Now, anyone who’s ever thought about it has come to the conclusion that balancing a points-buy system in a miniature game is a lot of work.  The only plausible reason anyone would go to all that trouble is to provide a level playing field (an endeavor in which different games have myriad levels of success) for play.  Why, then, do the designers of Flames of War explicitly encourage us to frequently throw that level playing field right out the window, starting right in the main rulebook with “The Destruction of Panzerbrigade 106”?

I don’t know the designers personally, but if I had to hazard a guess at the reason, it would be that the Second World War was far from fair itself.  The entire point of strategy, from production to grand maneuver to the strategic bombing for which the war would become famous, is to make tactical confrontations as unfair as possible in one’s favor.  (Sorry, businessmen and game bloggers; they’re not synonyms).  Of course, in the war we saw numerous examples of an army on the strategic defensive winning tactical victories or vice versa – the Soviets were hyperbolized as having “lost their way right to Berlin” – and matches in which the points are uneven allow us to see whether we can perform similar feats to the hundreds of real Hauptmaenner responsible for that quip.

There are plenty of other reasons why having an uneven battle might be fun or useful – suppose your friend wants to use his whole collection in a really large game and you love the sound of that, but just don’t have quite the number of models he does.  Never fear!

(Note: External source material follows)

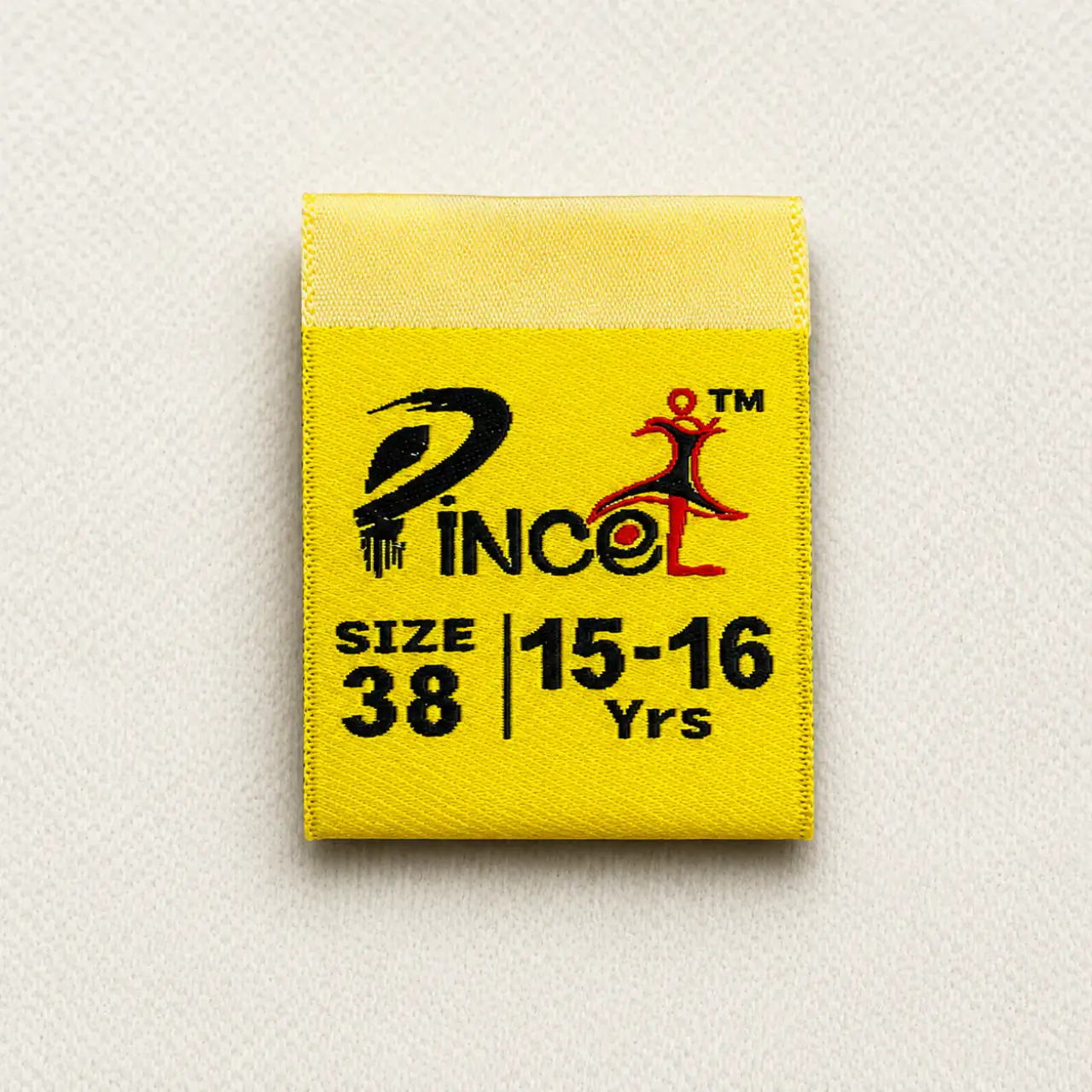 Pincol yellow centre-fold woven size label with brand logo, SIZE 38 and 15-16 Yrs age marker — kids garment woven size label sample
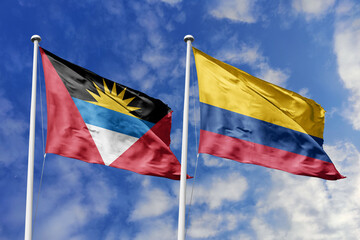  3d illustration. Antigua and Barbuda and Colombia Flag waving in sky. High detailed waving flag. 3D render. Waving in sky. Flags fluttered in the cloudy sky.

Obviously, when points-parity changes, our goals must change too.  If you played with half the number of points your opponent had, but still expected to run him off the field, that would be thinking very poorly of your opponent as a player!  Sometimes our new goal will be outlined by a scenario with relaxed victory conditions – for example, a small force might have to hold only either one of two objectives; other times, the unfair scenario being played is an historical one, with the goal then becoming “do better than your real-life counterpart did”.  Of course, your imagination is the only limit when it comes to this sort of thing; I can easily envision a Kursk-themed battle in which the outnumbered Soviets need only eliminate all the Panzergrenadier platoons in a Panzerkompanie to thwart the German attack and claim “victory”, since the tanks would then wait hours for more infantry support before proceeding.

If you’re still not sold on the idea of fighting a losing battle (or at least one you likely won’t win) in FoW anytime soon, allow me to point out that a lot of the game’s scenarios are as fun as they are because this concept is being employed with another name: Reserves.  Consider being the defender in the Hold the Line scenario: On turn 1, you have 50% your units on the board; on turn 3 you have 75%, and on turn 5 you should have all of it with a comfortable error buffer.  Coupled with going second, this means that in the most critical turns of the game you have between 50% and 75% of your equal-points force on the board.  How equal-points is that really after all?  (The scenario compensates, of course, with an Ambush, advantageous table orientation, prepared positions, etc.)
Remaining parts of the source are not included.